Mit dem Gesetz will die Bundesregierung allen gesetzlich Versicherten einen gleichwertigen Zugang zur ambulanten ärztlichen Versorgung ermöglichen, indem Wartezeiten auf Arzttermine verkürzt werden, das Sprechstundenangebot erweitert und die Vergütung vertragsärztlicher Leistungen verbessert werden soll. Ferner soll die Versorgung in ländlichen und strukturschwachen Regionen verbessert, Leistungsansprüche der Versicherten in einzelnen Bereichen der ärztlichen und zahnärztlichen Versorgung erweitert und Patientinnen und Patienten die Möglichkeiten der Digitalisierung im Gesundheitswesen im Versorgungsalltag stärker praktisch nutzen können.

Wesentlicher Inhalt

Die Terminservicestellen der Kassenärztlichen Vereinigungen sollen unter der bundesweit einheitlichen Telefonnummer 116 117 (bisher Nummer des Not- und Bereitschaftsdienstes) täglich 24 Stunden telefonisch und auch online erreichbar sein und nicht nur Termine bei Haus- und Kinderärztinnen und -ärzten, sondern in Akutfällen auch eine unmittelbare ärztliche Versorgung entweder in einer geöffneten Arztpraxis, in einer Portal- oder Bereitschaftsdienstpraxis oder in einer Notfallambulanz vermitteln. Zudem sollen die Terminservicestellen die gesetzlich versicherten Patientinnen und Patienten bei der Suche nach einer Haus- oder Kinderärztin bzw. einem Haus- oder Kinderarzt unterstützen, die oder der sie dauerhaft versorgen kann.

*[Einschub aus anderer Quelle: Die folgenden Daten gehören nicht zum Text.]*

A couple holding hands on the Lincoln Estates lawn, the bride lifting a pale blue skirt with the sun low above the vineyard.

Das Mindestsprechstundenangebot der Vertragsärztinnen und -ärzte für die Versorgung von gesetzlich versicherten Patientinnen und Patienten soll von 20 auf 25 Stunden erhöht werden. Offene Sprechstunden ohne vorherige Terminvergabe von Vertragsärzten, die an der fachärztlichen Grundversorgung teilnehmen, werden ausgeweitet. Das erweiterte Sprechstundenangebot wird mit entsprechenden extrabudgetären Vergütungsanreizen für die Vertragsärztinnen und -ärzte gefördert.

Ärztinnen und Ärzte, die in wirtschaftlich schwachen und vertragsärztlich unterversorgten ländlichen Räumen praktizieren, werden über regionale Zuschläge besonders unterstützt. Die hausärztliche Versorgung und die „sprechende Medizin“ sollen besser vergütet werden, ebenso koordinierende Leistungen wie die Terminvermittlung zu Fachärztinnen oder Fachärzten.

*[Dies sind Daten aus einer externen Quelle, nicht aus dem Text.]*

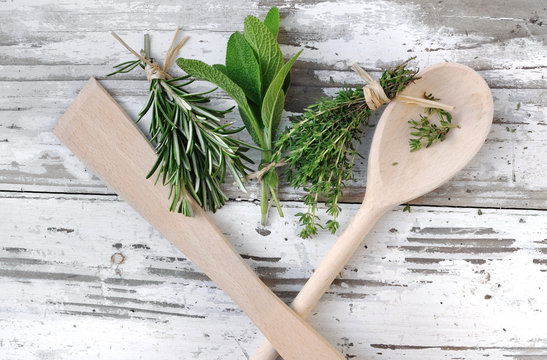 herbes aromatiques et cuillère en bois sur planche 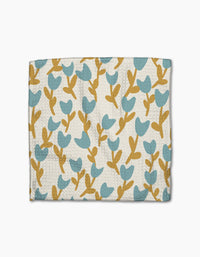 Introducing Polka Dot Blooms by Lizzie Clark—a wallet with a textured surface, adorned with blue tulip-inspired flowers and mustard stems on white, capturing the whimsical charm of super-absorbent recycled dishcloths.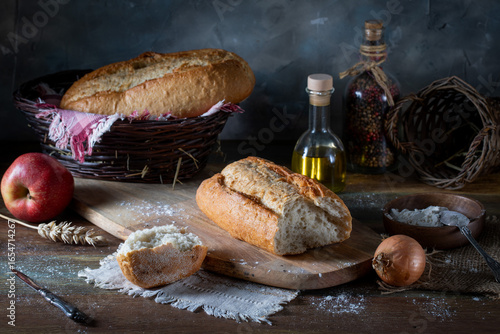 Food still life. Fresh white bread on a wooden table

Durch Festlegung von Praxisbesonderheiten von Landarztpraxen, die im Vorfeld von Prüfverfahren anzuerkennen sind, sollen insbesondere Hausbesuche gefördert werden.

In ländlichen oder strukturschwachen Gebieten entfallen Zulassungssperren für die Neuniederlassung von Ärztinnen und Ärzten. Die Bestimmung der ländlichen und strukturschwachen Gebiete obliegt den Ländern. Die Länder erhalten ein Mitberatungs- und Antragsrecht in den Zulassungsausschüssen sowie ein Antragsrecht in den Landesausschüssen.

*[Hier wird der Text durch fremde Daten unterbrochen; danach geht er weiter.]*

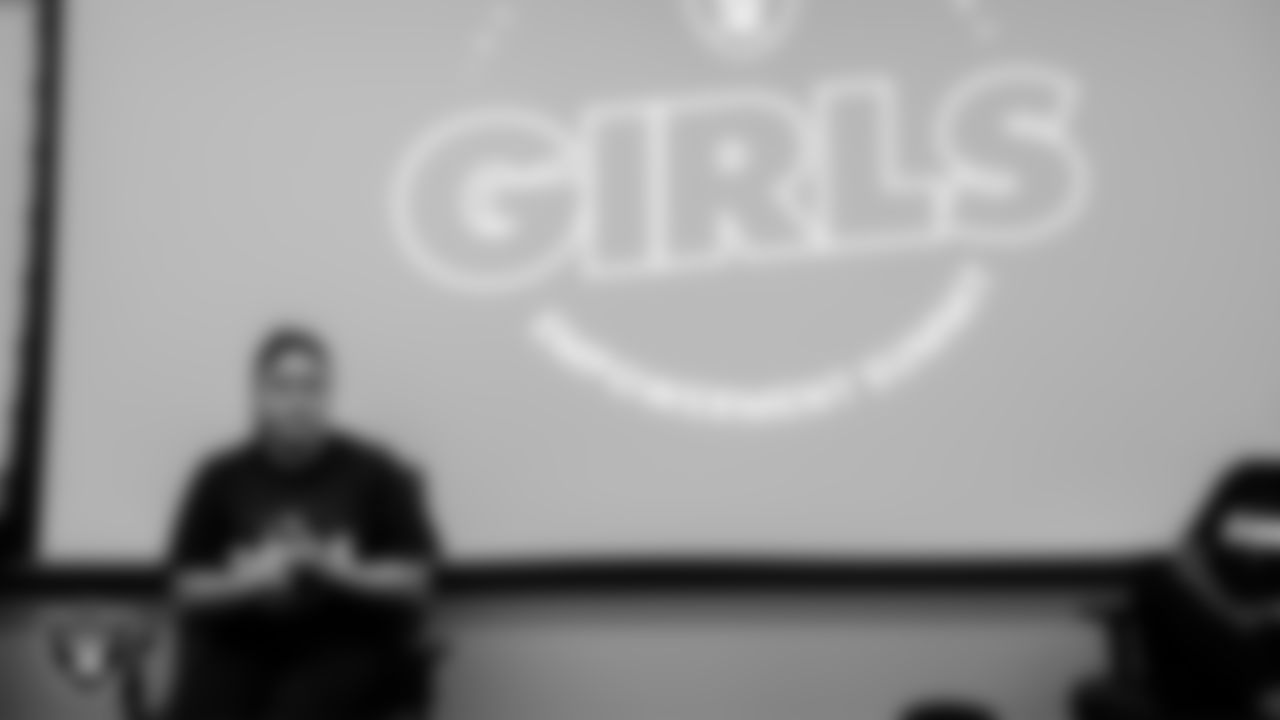 Las Vegas Raiders director of stadium operations and guest experience Chloe Janfaza speaks to student-athletes during the Raiders Girls Empowerment Summit at the Las Vegas Raiders Headquarters.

Die Festzuschüsse für Zahnersatz werden ab dem 1. Januar 2021 von bisher 50 Prozent auf 60 Prozent erhöht.

Für Langzeiterkrankte wird die Möglichkeit, stufenweise wieder in das Berufsleben eingegliedert zu werden, verbessert.

Die Verfahren des Gemeinsamen Bundesausschusses zur Erprobung von Untersuchungs- und Behandlungsmethoden und zur Bewertung neuer Untersuchungs- und Behandlungsmethoden mit Medizinprodukten hoher Risikoklasse werden vereinfacht.

Darüber hinaus wird die elektronische Patientenakte flächendeckend eingeführt und der Zugriff auf die elektronische Patientenakte über mobile Geräte wie Smartphones ermöglicht.